Fast Training of Mixture-of-Experts for Time Series Forecasting via Expert Loss Integration
arXiv:2605.10330v1 Announce Type: new
Abstract: We propose a novel adaptive Mixture-of-Experts (MoE) framework for time series forecasting that enhances expert specialization by incorporating expert-specific loss information directly into the training process. Notably, the overall objective comprises the base forecasting loss and expert-specific losses, allowing expert-level prediction errors to jointly shape training alongside the global forecasting loss. This framework is further combined with a partial online learning strategy, enabling incremental updates of both the gating mechanism and expert parameters.
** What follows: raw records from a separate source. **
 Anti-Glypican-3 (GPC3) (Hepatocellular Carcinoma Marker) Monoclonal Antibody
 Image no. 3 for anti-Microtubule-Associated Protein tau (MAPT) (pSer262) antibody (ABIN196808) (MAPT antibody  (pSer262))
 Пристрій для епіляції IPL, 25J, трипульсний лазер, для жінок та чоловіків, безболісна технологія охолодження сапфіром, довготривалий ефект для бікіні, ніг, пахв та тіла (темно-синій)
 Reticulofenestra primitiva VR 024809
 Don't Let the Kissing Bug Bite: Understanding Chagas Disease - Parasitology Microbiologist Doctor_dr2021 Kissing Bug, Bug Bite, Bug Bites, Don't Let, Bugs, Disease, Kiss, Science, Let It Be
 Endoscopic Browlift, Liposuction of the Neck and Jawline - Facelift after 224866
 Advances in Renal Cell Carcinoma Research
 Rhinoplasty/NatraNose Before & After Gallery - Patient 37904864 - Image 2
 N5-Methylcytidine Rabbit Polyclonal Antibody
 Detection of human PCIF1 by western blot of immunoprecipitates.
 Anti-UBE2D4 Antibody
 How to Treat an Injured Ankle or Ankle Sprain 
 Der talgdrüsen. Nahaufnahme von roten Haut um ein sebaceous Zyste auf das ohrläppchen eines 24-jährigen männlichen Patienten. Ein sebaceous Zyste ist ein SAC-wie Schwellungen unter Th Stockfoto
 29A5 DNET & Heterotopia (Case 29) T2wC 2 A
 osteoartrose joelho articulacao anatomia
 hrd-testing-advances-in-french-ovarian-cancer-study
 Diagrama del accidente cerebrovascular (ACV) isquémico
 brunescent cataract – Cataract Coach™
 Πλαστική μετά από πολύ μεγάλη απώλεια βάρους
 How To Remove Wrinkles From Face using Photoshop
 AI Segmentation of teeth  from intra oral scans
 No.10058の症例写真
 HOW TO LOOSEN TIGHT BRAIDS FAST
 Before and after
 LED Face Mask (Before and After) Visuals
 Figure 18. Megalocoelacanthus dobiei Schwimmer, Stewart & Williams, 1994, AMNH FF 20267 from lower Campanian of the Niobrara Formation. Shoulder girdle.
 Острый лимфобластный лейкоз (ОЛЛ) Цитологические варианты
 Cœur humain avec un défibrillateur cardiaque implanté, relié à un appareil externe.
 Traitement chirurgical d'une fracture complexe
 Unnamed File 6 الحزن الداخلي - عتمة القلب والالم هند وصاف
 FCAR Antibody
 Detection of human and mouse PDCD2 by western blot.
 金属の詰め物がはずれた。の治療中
This approach significantly reduces computational cost by eliminating the need for repeated full model retraining. By integrating expert-level loss awareness with efficient online optimization, the proposed method achieves improved learning efficiency while maintaining strong predictive performance. Empirical results across economic, tourism, and energy datasets with varying frequencies demonstrate that the proposed approach generally outperforms both statistical methods and state-of-the-art neural network models, such as Transformers and WaveNet, in forecasting accuracy and computational efficiency. Furthermore, ablation studies confirm the effectiveness of the expert-specific loss integration strategy, highlighting its contribution to enhancing predictive performance.